9 Instagram hashtags you should know
Thus far in the 21st century, social media has proven itself to be a hotbed of linguistic invention. This development of specialized vocabulary and slang – some of it often spreading into more mainstream usage – is certainly true of Instagram. The very name of this social media service offers some linguistic creativity, in the form of a portmanteau, or combination of two or more words or parts of words. According to Instagram’s FAQ page, the company’s name comes from the blending of ‘instant’ and ‘telegram’, playing with both the ‘instant’ nature of digital photography and the notion of users sending photos to one another similar to telegrams. Instagram wasn’t the first to recycle the –gram from telegram, however. By the 1970s, people were sending each other everything from Rambograms to Gorillagrams (trademarked in the US).

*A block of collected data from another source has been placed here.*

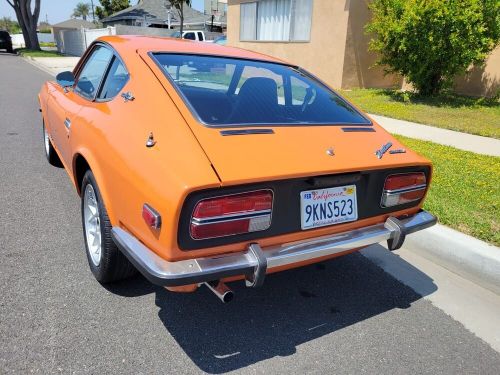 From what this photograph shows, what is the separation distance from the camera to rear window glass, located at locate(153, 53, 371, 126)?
2.59 m

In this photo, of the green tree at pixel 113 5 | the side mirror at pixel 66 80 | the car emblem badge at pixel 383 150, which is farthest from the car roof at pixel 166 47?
the green tree at pixel 113 5

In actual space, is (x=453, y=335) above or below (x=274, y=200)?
below

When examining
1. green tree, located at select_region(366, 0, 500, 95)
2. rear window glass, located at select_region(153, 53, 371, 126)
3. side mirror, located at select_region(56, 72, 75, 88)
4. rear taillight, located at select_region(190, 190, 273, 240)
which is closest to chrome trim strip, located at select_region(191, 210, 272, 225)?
rear taillight, located at select_region(190, 190, 273, 240)

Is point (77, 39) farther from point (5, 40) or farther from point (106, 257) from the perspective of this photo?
point (106, 257)

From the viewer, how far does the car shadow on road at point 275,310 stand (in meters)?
2.36

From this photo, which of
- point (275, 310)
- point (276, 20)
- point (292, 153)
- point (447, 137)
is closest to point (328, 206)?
point (292, 153)

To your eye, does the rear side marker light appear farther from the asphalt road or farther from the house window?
the house window

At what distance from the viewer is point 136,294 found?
2.76 meters

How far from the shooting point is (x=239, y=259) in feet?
6.70

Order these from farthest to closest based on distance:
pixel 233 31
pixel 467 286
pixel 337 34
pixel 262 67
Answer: pixel 233 31, pixel 337 34, pixel 262 67, pixel 467 286

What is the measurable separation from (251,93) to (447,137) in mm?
5430

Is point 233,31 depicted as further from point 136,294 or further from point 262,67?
point 136,294

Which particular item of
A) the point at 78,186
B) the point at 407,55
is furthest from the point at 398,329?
the point at 407,55

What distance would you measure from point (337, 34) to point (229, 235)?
37.8ft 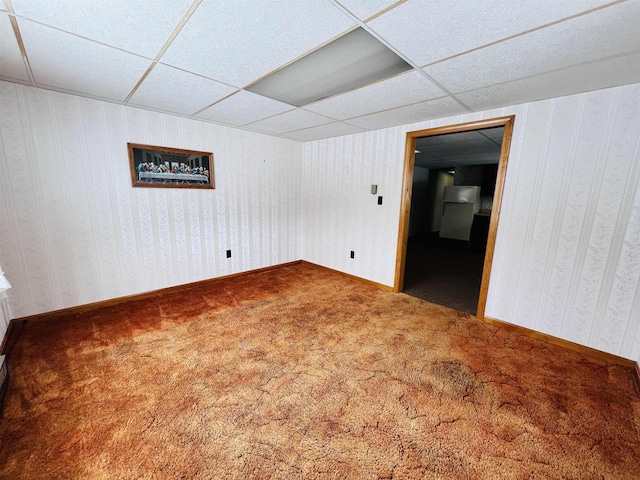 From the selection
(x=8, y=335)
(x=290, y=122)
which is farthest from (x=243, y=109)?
(x=8, y=335)

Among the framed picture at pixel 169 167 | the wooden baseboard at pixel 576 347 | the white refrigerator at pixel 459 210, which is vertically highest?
the framed picture at pixel 169 167

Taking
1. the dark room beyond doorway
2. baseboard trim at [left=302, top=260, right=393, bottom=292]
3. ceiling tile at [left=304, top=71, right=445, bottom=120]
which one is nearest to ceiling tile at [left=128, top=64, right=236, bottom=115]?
ceiling tile at [left=304, top=71, right=445, bottom=120]

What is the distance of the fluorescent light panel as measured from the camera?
5.36ft

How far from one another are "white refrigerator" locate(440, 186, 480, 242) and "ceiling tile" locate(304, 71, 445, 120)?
5.52m

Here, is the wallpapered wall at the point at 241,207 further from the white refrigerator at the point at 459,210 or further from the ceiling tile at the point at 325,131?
the white refrigerator at the point at 459,210

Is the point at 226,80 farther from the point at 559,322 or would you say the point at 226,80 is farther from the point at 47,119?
the point at 559,322

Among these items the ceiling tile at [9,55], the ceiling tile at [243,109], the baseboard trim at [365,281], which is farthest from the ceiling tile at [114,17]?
the baseboard trim at [365,281]

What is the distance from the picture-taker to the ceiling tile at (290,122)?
3.02m

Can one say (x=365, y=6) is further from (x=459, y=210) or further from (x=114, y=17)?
(x=459, y=210)

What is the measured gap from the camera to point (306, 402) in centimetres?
169

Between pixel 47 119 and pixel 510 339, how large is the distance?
504 cm

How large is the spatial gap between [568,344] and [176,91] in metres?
4.37

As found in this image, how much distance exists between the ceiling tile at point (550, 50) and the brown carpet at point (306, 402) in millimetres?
2249

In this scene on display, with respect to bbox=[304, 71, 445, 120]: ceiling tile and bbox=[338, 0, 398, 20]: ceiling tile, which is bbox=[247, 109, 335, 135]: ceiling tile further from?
bbox=[338, 0, 398, 20]: ceiling tile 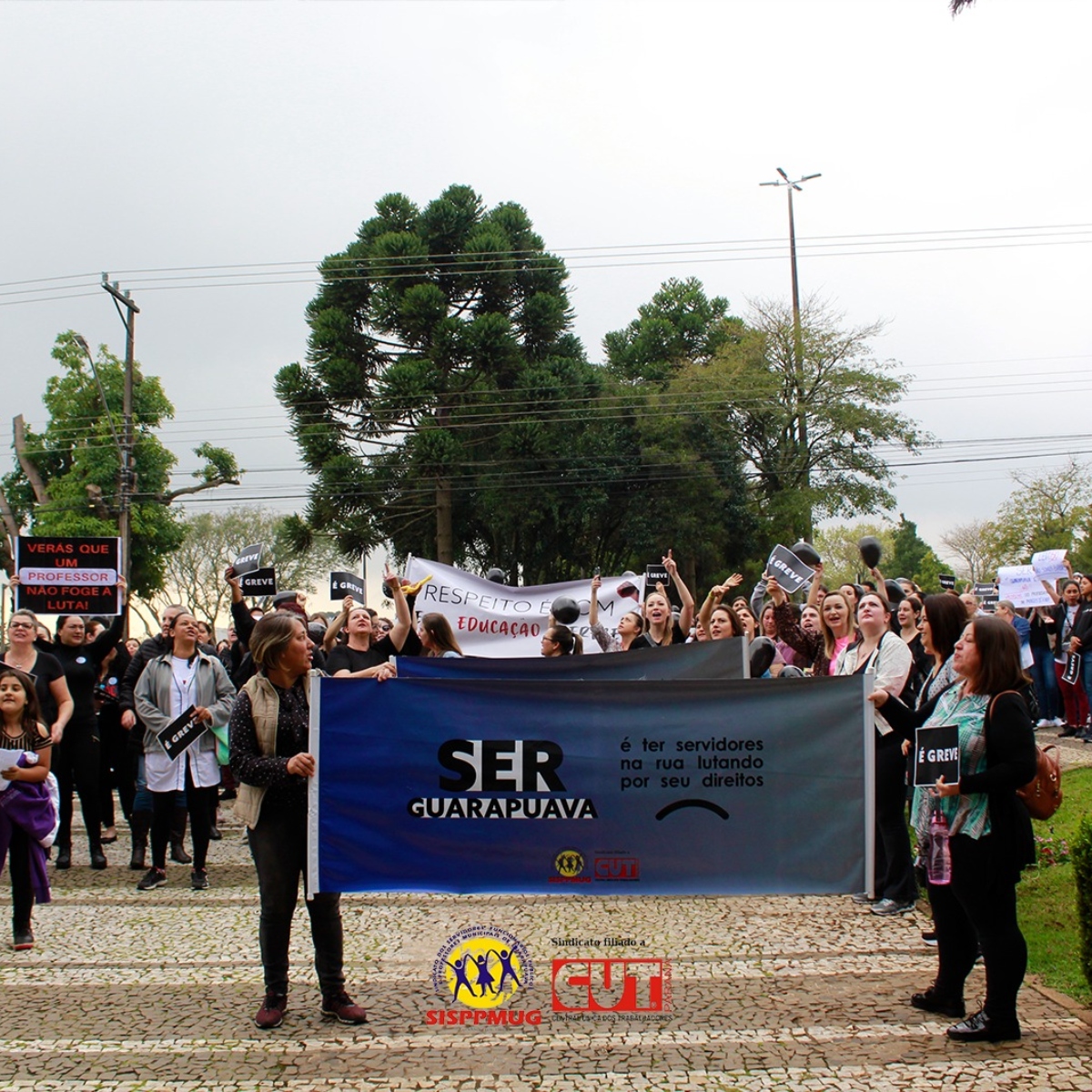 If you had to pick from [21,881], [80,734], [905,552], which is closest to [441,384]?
[80,734]

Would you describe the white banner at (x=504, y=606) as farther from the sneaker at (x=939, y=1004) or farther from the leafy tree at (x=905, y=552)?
the leafy tree at (x=905, y=552)

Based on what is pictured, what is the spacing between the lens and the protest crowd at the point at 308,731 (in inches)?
195

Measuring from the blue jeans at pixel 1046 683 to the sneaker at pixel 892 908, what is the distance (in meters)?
8.85

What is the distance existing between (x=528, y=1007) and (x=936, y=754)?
219 cm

But more important than the recycled combining parts of Instagram is the way that the social network has expanded and enlarged cultural use of hashtags. Although the social media concept of the ‘hashtag’ originated on Twitter, it has become a crucial part of the Instagram experience. By affixing words and phrases (unbroken by spaces) with a hash mark (#), users can identify their posts with a specific topic and be a part of a larger conversation. Below are nine hashtags that Instagrammers (#igers) are almost certain to encounter, including a few that will likely spread beyond the realm of Instagram.
When Instagram users put up a post that reflects their mood, they will sometimes tag the post as #instamood.
This hashtag is used for posts that a user is particularly proud of, or for something that is, as you might guess, good. The second most popular hashtag on Instagram, #instagood suggests that users are proud of most of their posts.
Hashtag shorthand for the users of Instagram, #igers is shortened ‘Instagrammers’ or ‘Instagram users’. In hashtag parlance, #ig is often used as a prefix, as in #igshop and #igtravel, instead of spelling out ‘Instagram’.
According to the website Websta, which tracks Instagram data, #tbt is the fourth most-used hashtag of all time and has been used on over 300 million posts. (#throwback is currently 78th on the list, and the full #ThrowbackThursday even lower.) Although Instagram does not seem to be the origin of ‘Throwback Thursday’, it has certainly helped popularize the trend, which consists of posting an older photo (typically several years old) on Thursday.
A second opportunity every week for posting older photos, #fbf (#FlashbackFriday) has not demonstrated the staying power of #tbt.
For many users, Instagram offers the perfect opportunity to show off your food – whether of your own making or in a restaurant. The digital consumption of these photos, on Instagram and elsewhere on the Internet, is often referred to as ‘food porn’.
If you have ever posted a photo on Instagram, you know how important the filters are. The filters, which are designed to mimic old-school photographic techniques and processes, provide a professional gloss to the photos before users post them. The flip side to all the posts with pretty filters on Instagram is the posts hashtagged as #nofilter, which highlights photos that are uploaded without any filter.
Following on the success of #tbt, #wcw (#womencrushwednesday) and #mcm (#mancrushmonday) come next in the canon of weekly hashtags. As you could probably guess, users post their crushes on men and woman on Monday and Wednesday, respectively.